Available records section start

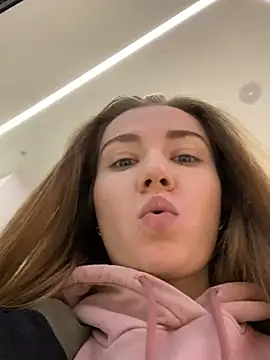 Snapshot of ValenciaShock chatting on January 2025 08:14:02 AM ValenciaShock online show from January 2025 08:14:02 AM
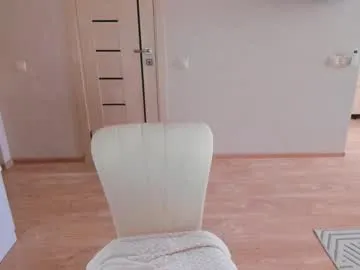 HEYBANANA – webcam model profile photo Image 2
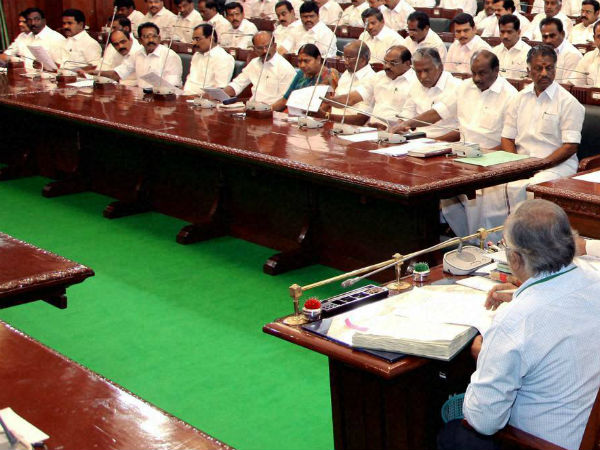 காங். வெளிநடப்பு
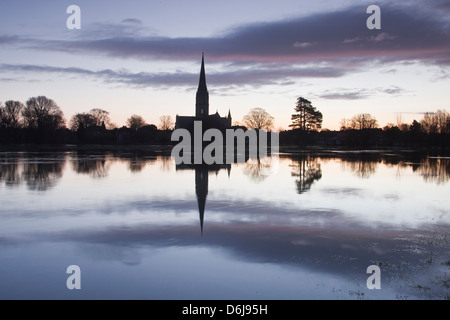 La cathédrale de Salisbury à l'aube reflétant dans l'eau 68 London Ouest inondées Meadows, Salisbury, Wiltshire, Angleterre, Royaume-Uni Banque D'Images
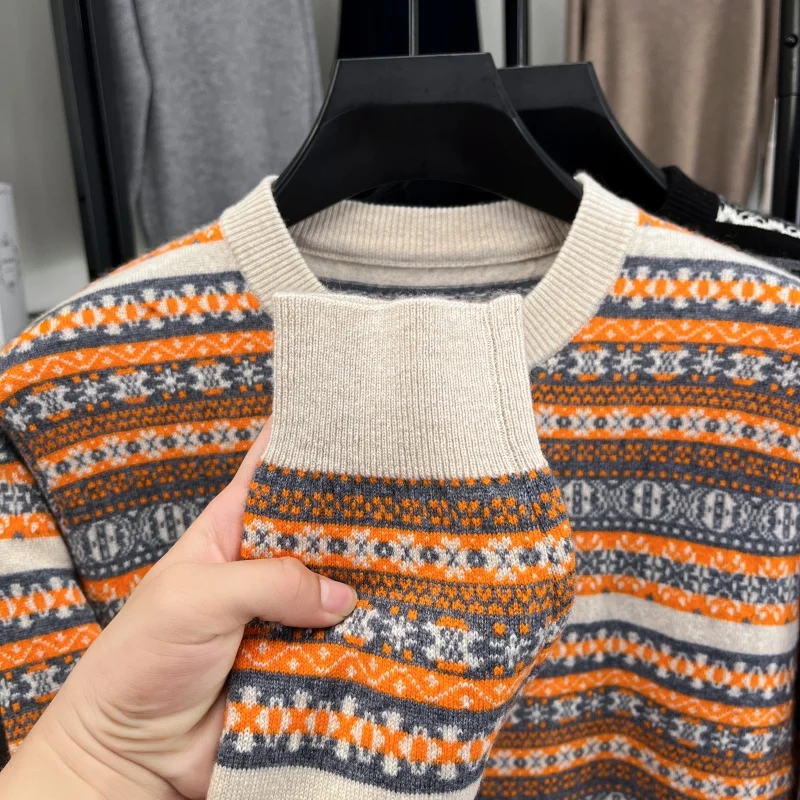 الرجال محبوك سترة جولة الرقبة طويلة الأكمام نمط هندسي شريط تصميم الخريف الشتاء الدافئة عارضة الأزياء الكلاسيكية ملابس رجالي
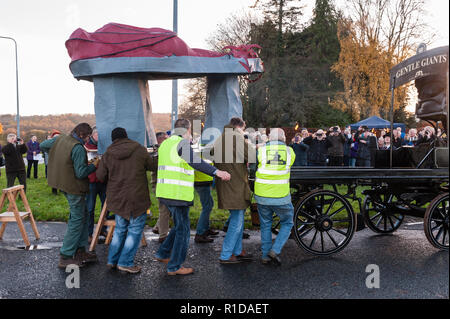 Presteigne, Powys, UK. 11. November 2018. Auf das hundertjährige Jubiläum des Ende des Großen Krieges, ein temporäres Denkmal ist von seiner Lage außerhalb der Stadt, wo es seit August 2014 stand wurde entfernt. Das Denkmal für die Waliser tot ist in Form von einem schlafenden Drachen auf einem Stein cromlech und wird von lokalen Künstler Pete Smith. Es wird gehofft, daß eine dauerhafte Version zu einem späteren Zeitpunkt zu erstellen. Das Denkmal wurde von zwei Pferden ein torchlit Prozession zum Dorf Halle für eine Armistice Day Feier Quelle: Alex Ramsay/Alamy Leben Nachrichten gezeichnet Stockfoto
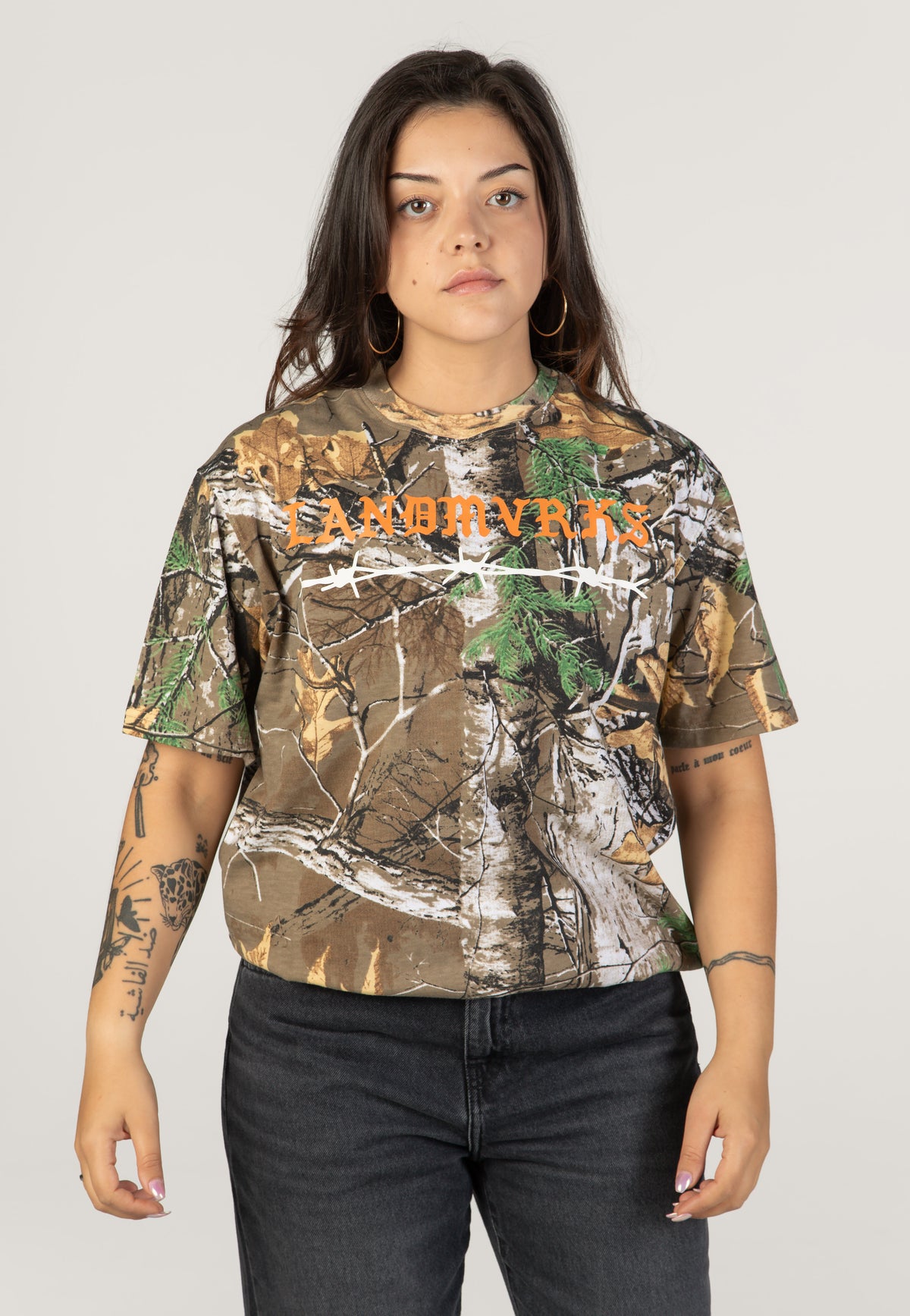 Landmvrks Barbed Wire Real Camo T-shirt | Women-Image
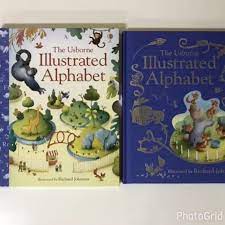 Illustrated alphabet, used to aid memory, in which each letter is paired with an object (in some case more than one) which echoes its shape. Usborne Illustrated Alphabet Shopee Indonesia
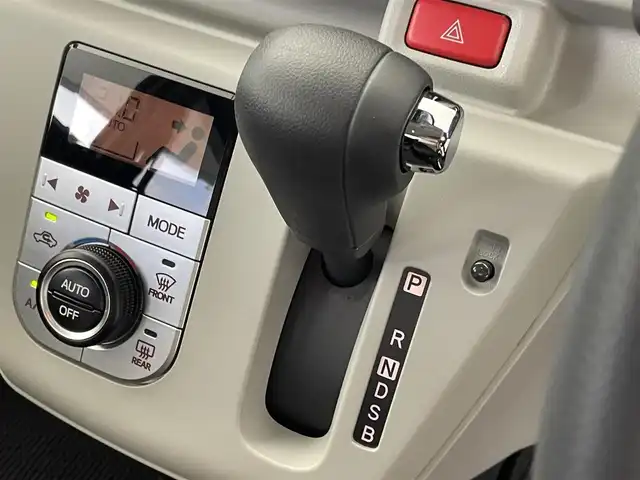 ダイハツ ミラ イース G SAⅢ 群馬県 2021(令3)年 2万km シャイニングホワイトパール 社外７型Ｗナビ　スマートアシスト３　衝突軽減　オートハイビーム　横滑り防止　コーナーセンサー　シートヒーター　前後ドラレコ　ＬＥＤヘッド　プッシュスタート　スマートキー　スペアキー　純正アルミ　禁煙車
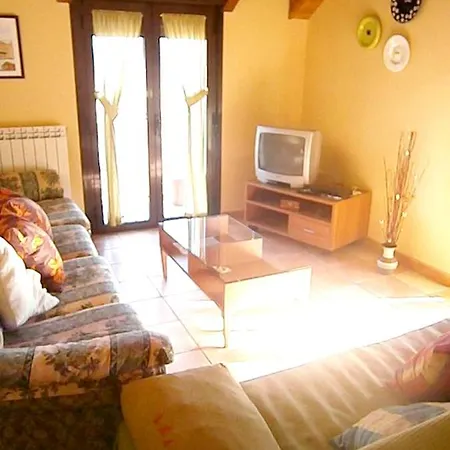 With 3 Bedrooms In With Wonderful Mountain View Enclosed Garden And Wifi Apartment Sorripas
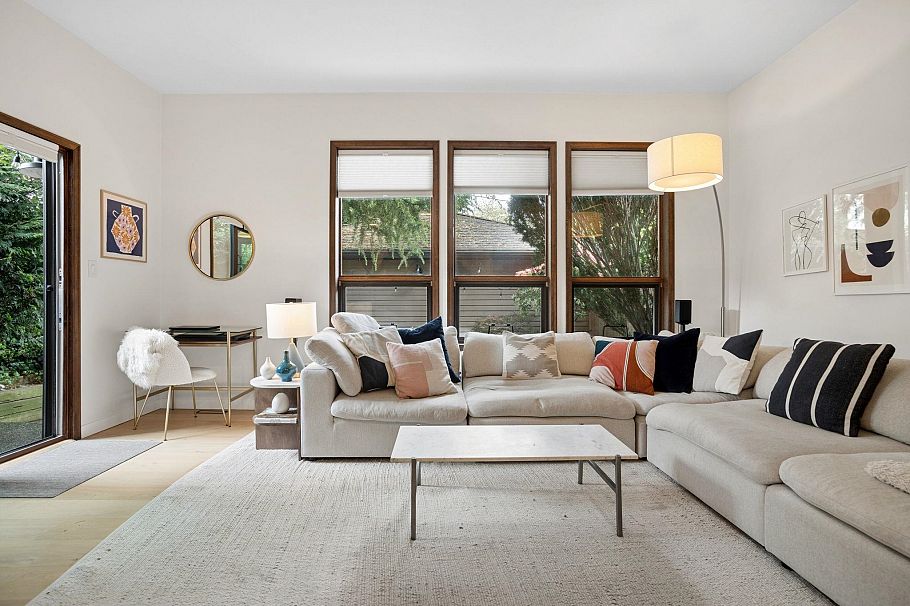 2421 Trafalgar Street Vancouver, BC - 1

Available records section end

▸ **Work request**
Write out again, exactly, the lines from the start of the listing up to the line containing "காங். வெளிநடப்பு", with both ends and without pictures.

▸ **Task output**
 Snapshot of ValenciaShock chatting on January 2025 08:14:02 AM ValenciaShock online show from January 2025 08:14:02 AM
 HEYBANANA – webcam model profile photo Image 2
 காங். வெளிநடப்பு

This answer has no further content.